Respons cepat kembali ditunjukkan jajaran Polres Simalungun dalam memberantas tindak kriminal. Hanya dalam hitungan hari setelah laporan diterima, Polsek Dolok Batu Nanggar berhasil mengungkap kasus pencurian sepeda motor dan meringkus dua pelaku yang ternyata merupakan kakak beradik.
Keberhasilan tersebut menjadi bukti kesigapan personel kepolisian dalam memberikan rasa aman kepada masyarakat sekaligus memastikan setiap tindak kejahatan diproses sesuai hukum.
Kasi Humas Polres Simalungun, AKP Verry Purba, saat dikonfirmasi pada Senin (3/8/2026) sekitar pukul 21.15 WIB, mengatakan pengungkapan kasus ini merupakan bentuk komitmen Polri dalam memberikan pelayanan yang cepat, profesional, humanis, dan berintegritas.

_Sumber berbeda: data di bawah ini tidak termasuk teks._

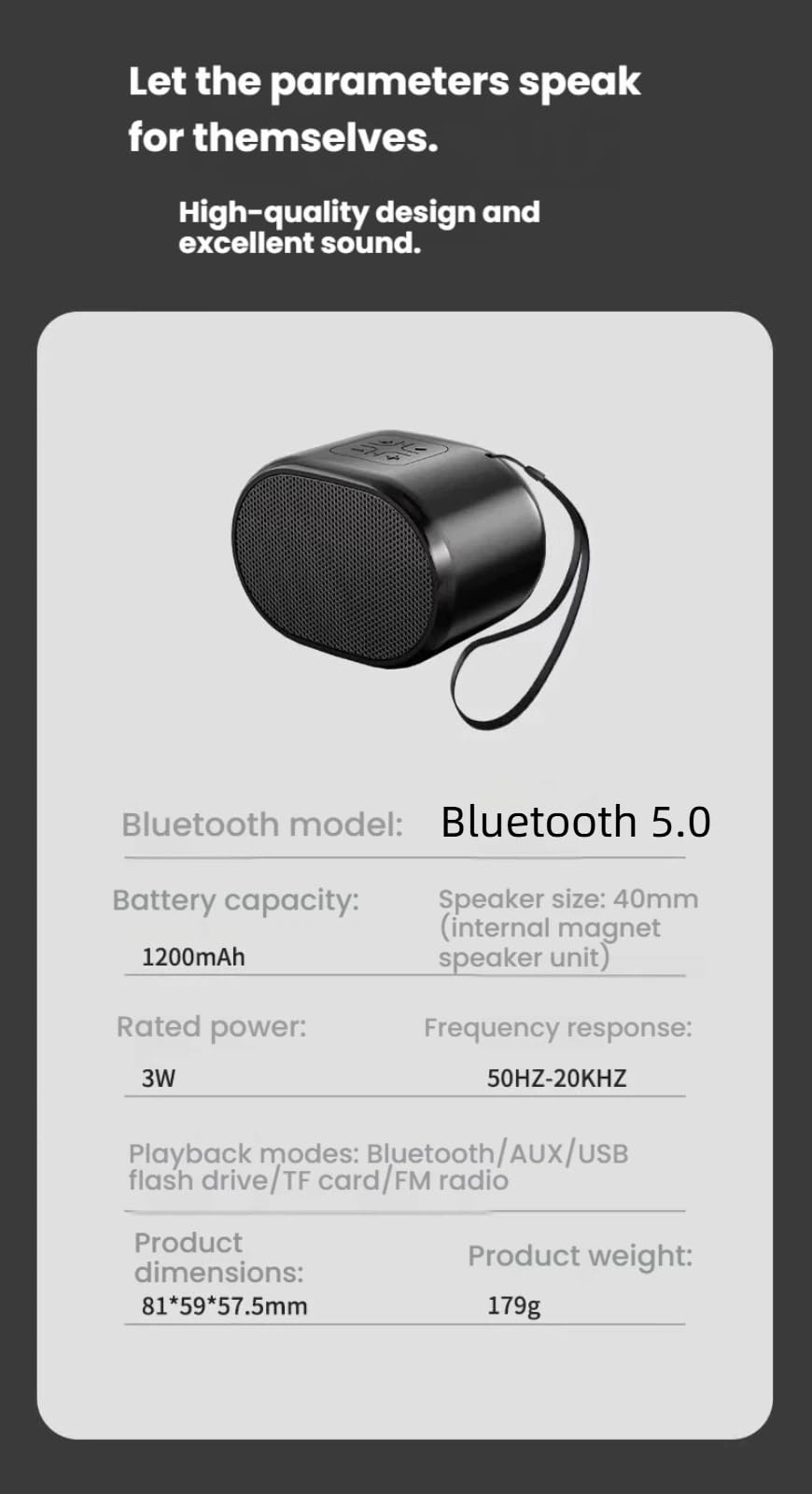 Mini haut-parleur Bluetooth portable avec batterie 1200 mAh, 12 heures d'autonomie, Bluetooth 5.0, base en silicone antidérapante pour les voyages et l'utilisation quotidienne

“Ini adalah wujud nyata pelayanan Polri kepada masyarakat, khususnya dalam menjaga rasa aman warga Simalungun dari tindak kejahatan pencurian,” ujar AKP Verry Purba.

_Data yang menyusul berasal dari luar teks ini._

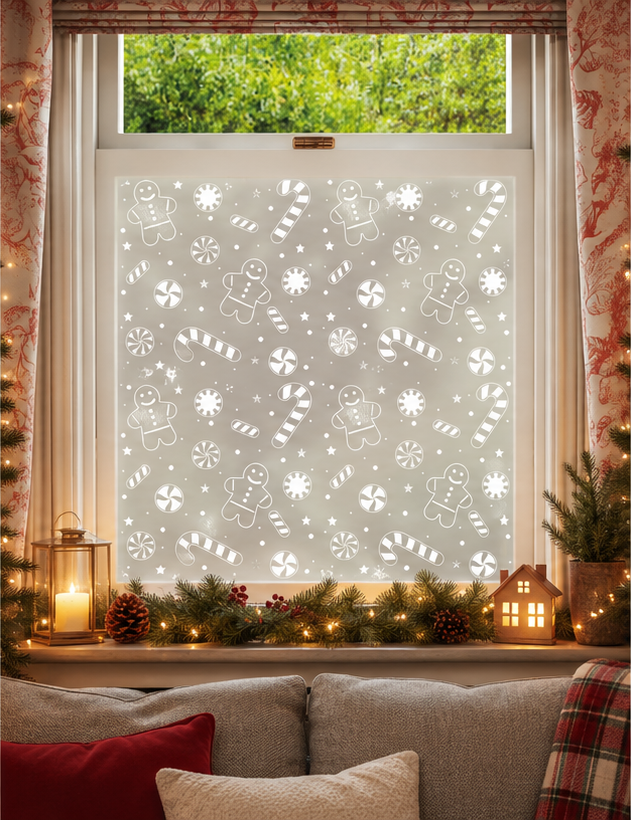 Frosted Christmas window decals with gingerbread men, candy canes, snowflakes, and stars shown on a window in a cozy, warmly lit living room setting.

Kasus ini berawal pada Sabtu (1/8/2026) sekitar pukul 06.30 WIB di sebuah kios di Jalan Sangnawalu, Kelurahan Serbelawan, Kecamatan Dolok Batu Nanggar. Korban, Yosephene Tarigan (44), seorang ibu rumah tangga, mendapat kabar dari suaminya bahwa sepeda motor Honda Revo bernomor polisi BK 3105 TBA yang diparkir di dalam kios telah hilang.
Setelah dilakukan pencarian di sekitar lokasi, kendaraan tersebut tidak ditemukan. Korban pun mengalami kerugian sekitar Rp5 juta dan langsung melaporkan kejadian itu ke Polsek Dolok Batu Nanggar pada hari yang sama.
Menerima laporan tersebut, Kapolsek Dolok Batu Nanggar IPTU Rido V. Pakpahan, S.Kom., M.H., langsung menginstruksikan Kanit Reskrim IPDA Liwusha Radot Siagian, S.H., bersama Tim Opsnal untuk bergerak melakukan penyelidikan.
“Begitu laporan masuk, kami langsung bergerak cepat melakukan penyelidikan agar pelaku dapat segera diamankan,” kata AKP Verry Purba.
Kerja keras tim membuahkan hasil. Dari serangkaian penyelidikan, polisi berhasil menemukan sepeda motor milik korban yang disembunyikan di tengah kebun sawit kawasan Pabatu. Kendaraan tersebut kemudian diamankan sebagai barang bukti di Mako Polsek Dolok Batu Nanggar.
Tak berhenti di situ, petugas langsung memburu pelaku. Tim mendatangi rumah orang tua hingga kediaman nenek para pelaku. Hasilnya, dua pelaku berhasil ditemukan bersembunyi di bagian belakang rumah sang nenek dan langsung diamankan tanpa memberikan perlawanan.
“Berkat kerja keras dan kekompakan tim, pelaku berhasil diamankan tanpa perlawanan,” ungkap AKP Verry Purba.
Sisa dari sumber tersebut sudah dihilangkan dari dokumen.